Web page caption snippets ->
%%
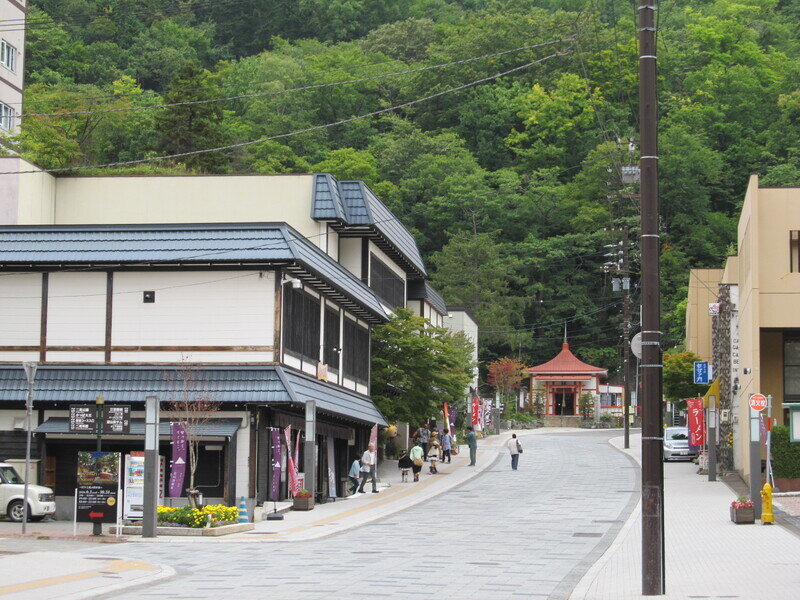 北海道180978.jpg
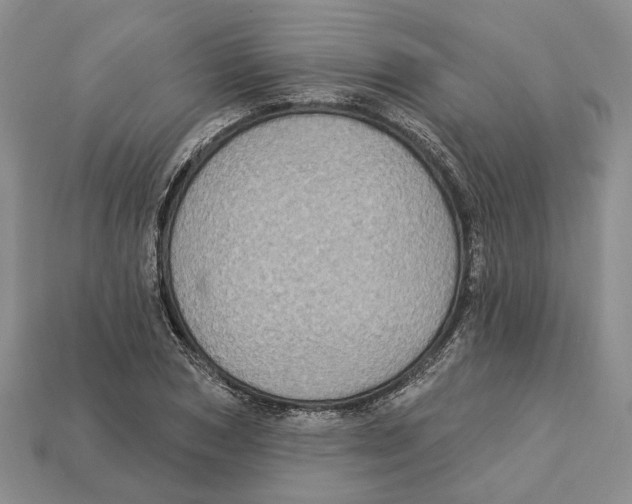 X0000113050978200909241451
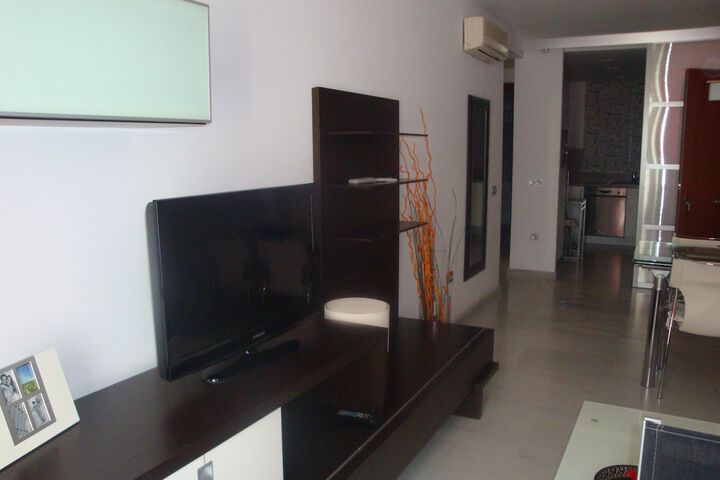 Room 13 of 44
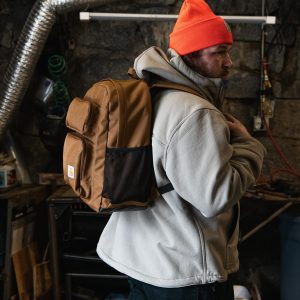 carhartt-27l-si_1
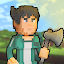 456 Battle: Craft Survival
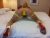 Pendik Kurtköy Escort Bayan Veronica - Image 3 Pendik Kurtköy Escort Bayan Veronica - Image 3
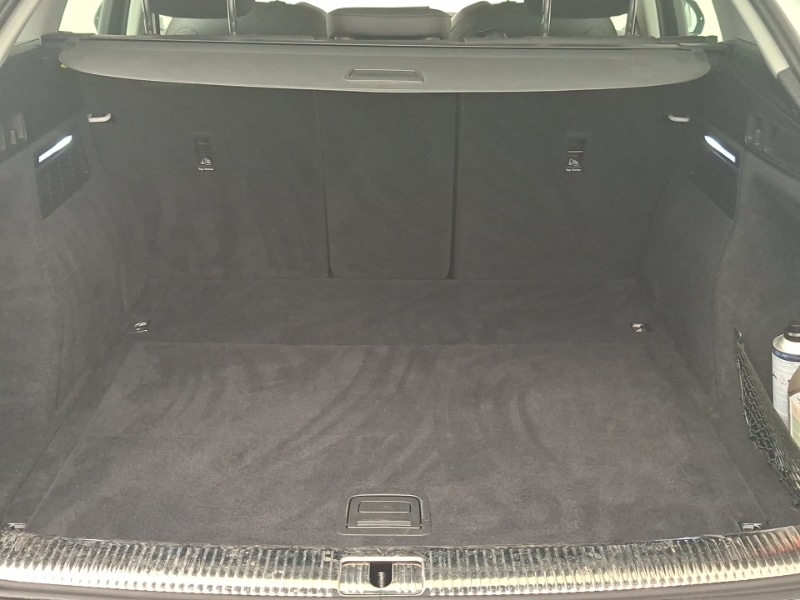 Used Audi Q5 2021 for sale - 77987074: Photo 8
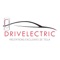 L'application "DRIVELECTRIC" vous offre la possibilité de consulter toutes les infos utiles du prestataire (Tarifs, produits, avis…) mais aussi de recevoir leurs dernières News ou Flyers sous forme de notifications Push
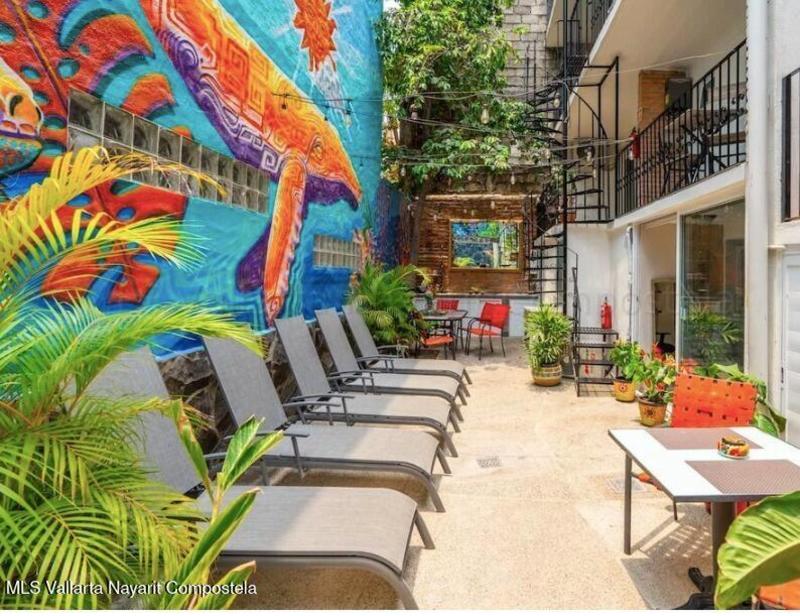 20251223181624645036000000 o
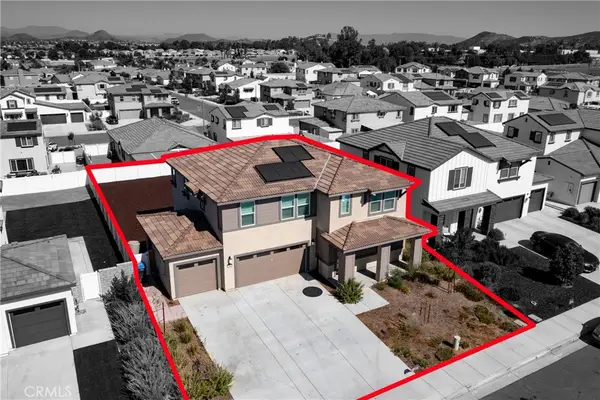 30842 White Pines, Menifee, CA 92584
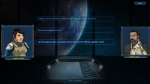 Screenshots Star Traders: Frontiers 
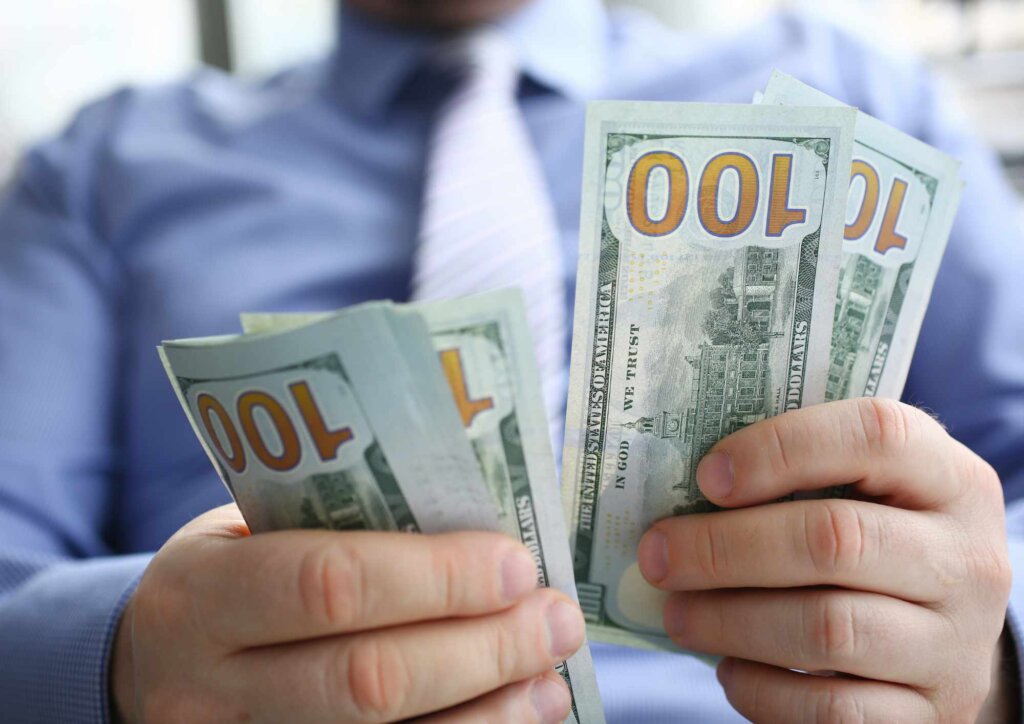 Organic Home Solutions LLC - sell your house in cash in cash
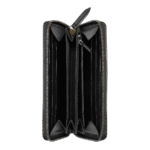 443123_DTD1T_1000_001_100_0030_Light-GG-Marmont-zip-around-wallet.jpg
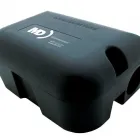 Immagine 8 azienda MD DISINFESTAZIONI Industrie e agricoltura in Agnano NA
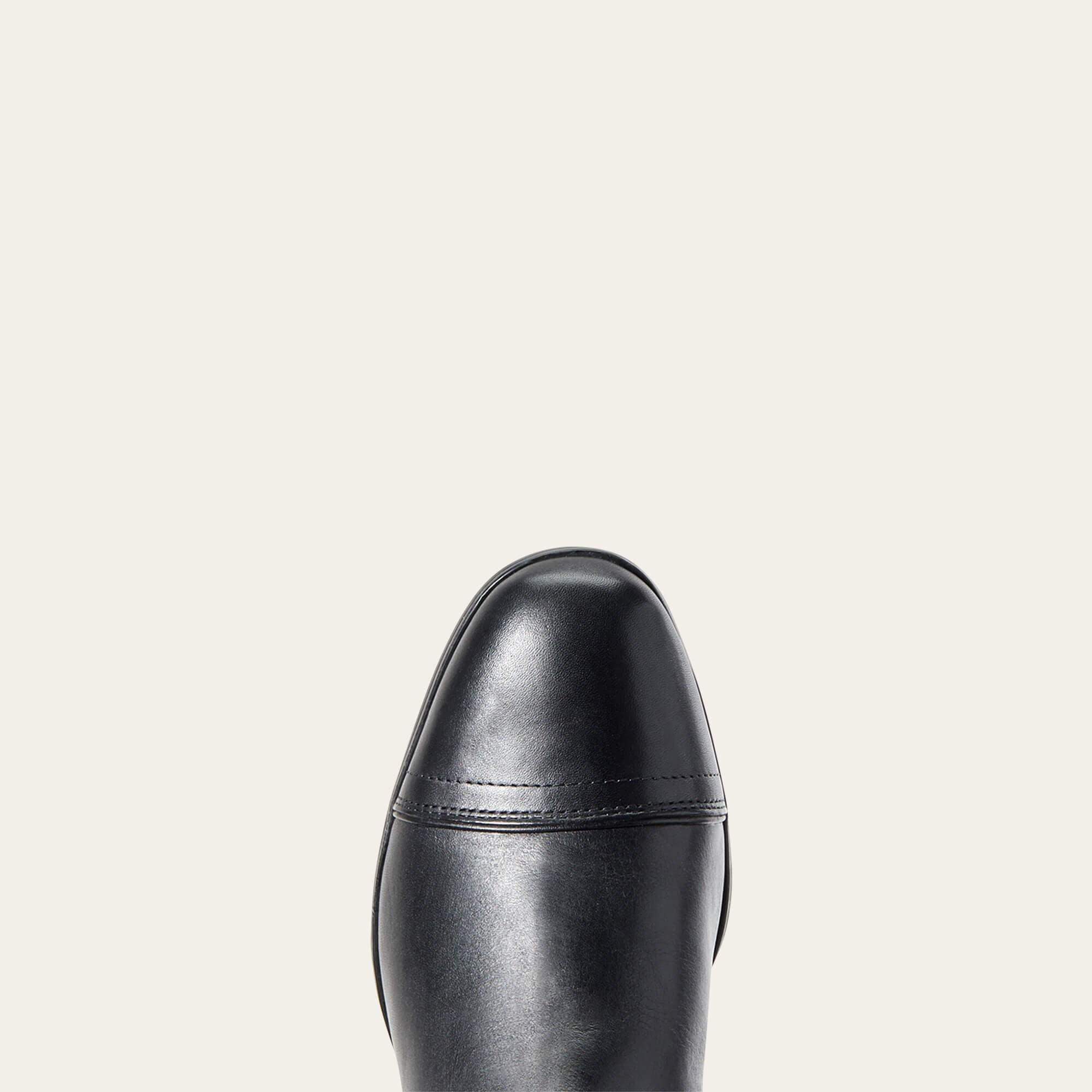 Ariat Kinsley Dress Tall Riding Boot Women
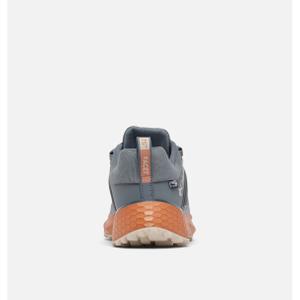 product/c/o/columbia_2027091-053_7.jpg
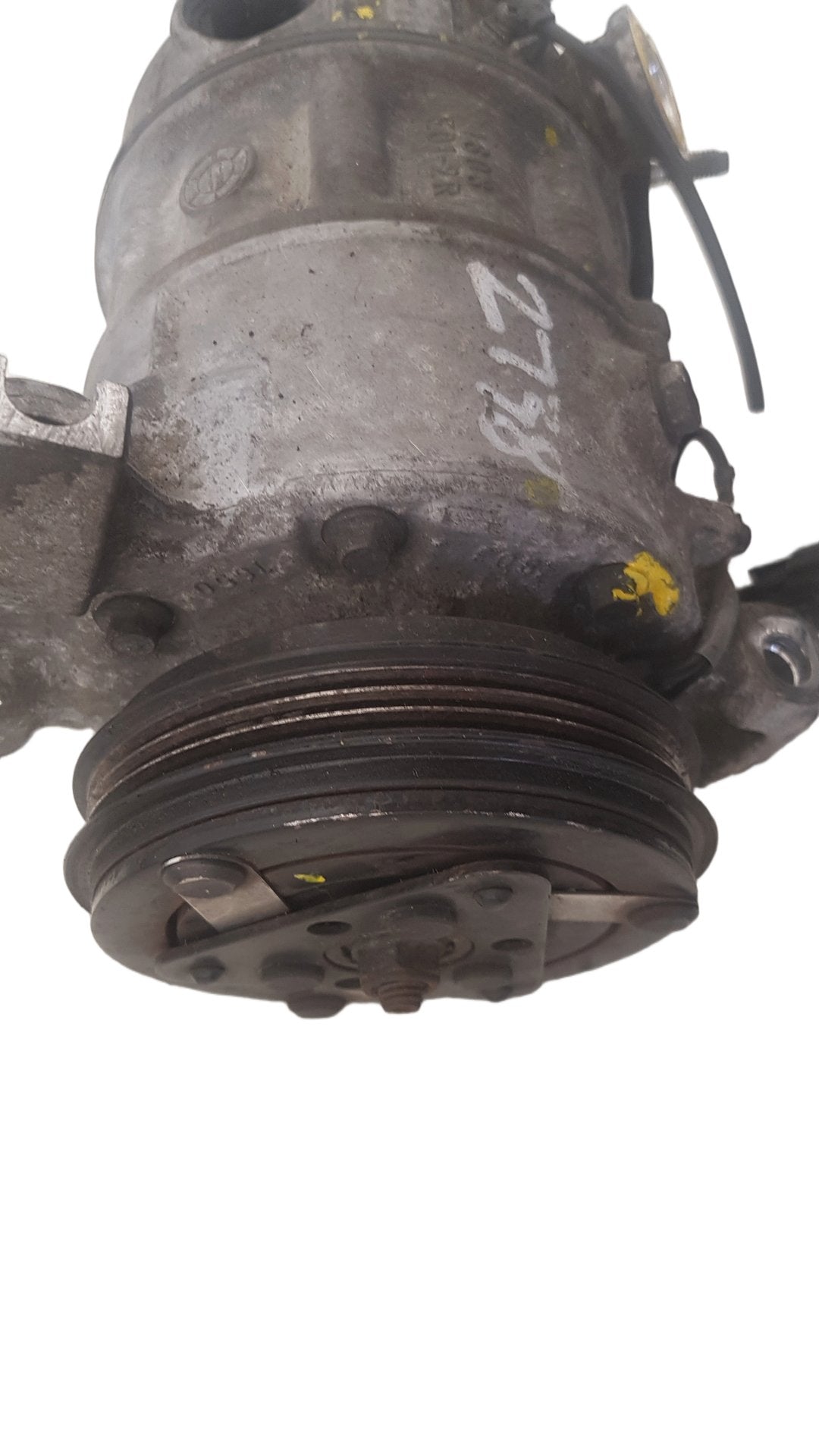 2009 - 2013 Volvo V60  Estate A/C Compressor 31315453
%%
Repeat the data exactly. No pictures should appear.

Result of the task ->
 北海道180978.jpg
 X0000113050978200909241451
 Room 13 of 44
 carhartt-27l-si_1
 456 Battle: Craft Survival
 Pendik Kurtköy Escort Bayan Veronica - Image 3 Pendik Kurtköy Escort Bayan Veronica - Image 3
 Used Audi Q5 2021 for sale - 77987074: Photo 8
 L'application "DRIVELECTRIC" vous offre la possibilité de consulter toutes les infos utiles du prestataire (Tarifs, produits, avis…) mais aussi de recevoir leurs dernières News ou Flyers sous forme de notifications Push
 20251223181624645036000000 o
 30842 White Pines, Menifee, CA 92584
 Screenshots Star Traders: Frontiers 
 Organic Home Solutions LLC - sell your house in cash in cash
 443123_DTD1T_1000_001_100_0030_Light-GG-Marmont-zip-around-wallet.jpg
 Immagine 8 azienda MD DISINFESTAZIONI Industrie e agricoltura in Agnano NA
 Ariat Kinsley Dress Tall Riding Boot Women
 product/c/o/columbia_2027091-053_7.jpg
 2009 - 2013 Volvo V60  Estate A/C Compressor 31315453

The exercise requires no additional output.